Personal information
- Full name: Peter James Spencer
- Born: 11 January 1956 (age 69) Subiaco, Western Australia
- Height: 177 cm (5 ft 10 in)
- Weight: 75 kg (165 lb)

Playing career^{1}
- Years: Club / Games (Goals)
- 1974–1980, 1983–84, 1987: East Perth / 185 (322)
- 1981–1982: North Melbourne / 24 (32)
- 1985-1986: Subiaco / 21 (47)
- 1986: Claremont / 2 (4)

Representative team honours
- Years: Team / Games (Goals)
- 1976–1982: Western Australia / 7 (11)
- ^{1} Playing statistics correct to the end of 1987.

Career highlights
- Sandover Medal – 1976, 1984;

= Peter Spencer (footballer) =

Australian rules footballer (born 1956)

Peter Spencer (born 11 January 1956) is a former Australian rules footballer who played for the East Perth Football Club in the West Australian Football League (WAFL) and North Melbourne in the Victorian Football League (VFL). He is a dual Sandover Medallist, winning the award in 1976 and 1984 and a triple F. D. Book Medallist (best and fairest at East Perth), winning the award in 1975, 1976 and 1984.

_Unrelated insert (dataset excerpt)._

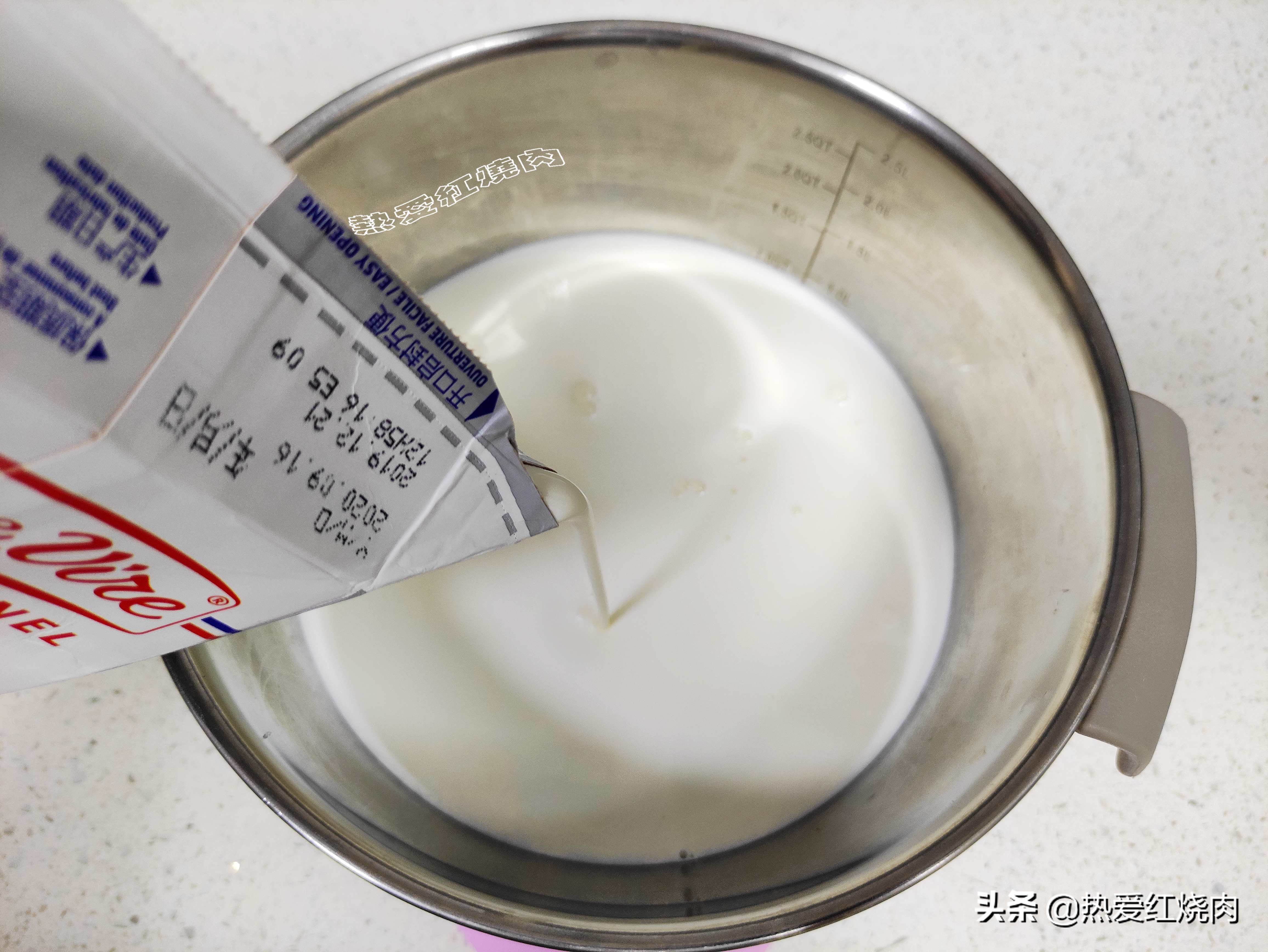 自制酸奶不酸不甜但粘稠拉丝,配方奶做酸奶几勺配500ml水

He played for Western Australia in the 1979 Perth State of Origin Carnival, before moving to Victoria to play for the Kangaroos in 1981 and 1982. His first season in the VFL was impressive, playing nineteen games and kicking the third most goals for the Kangaroos with 26, but injuries restricted him to only five games in 1982.

Spencer returned to Western Australia in 1983, but after two seasons with East Perth switched to Subiaco. After 21 games with the Lions it was clear his style was antagonistic to the philosophies of coach Bunton, and Spencer applied along with Derek Kickett for a clearance to Claremont. At first the WAFL denied these applications, but on 21 May Spencer won his clearance – though he was recruited mainly to stiffen Claremont's reserves and played only two senior matches for the Tigers.

In 1987 he had one last season with the Royals, but injuries meant he had to play with headgear and padding all through – though he retired on a high note with a best afield effort as the Royals avoided the wooden spoon by downing .

He was inducted into the West Australian Football Hall of Fame in 2007.

He is the son of former East Perth player Jim Spencer and is currently a sports commentator with the ABC. He is an old boy of Aquinas College, Perth.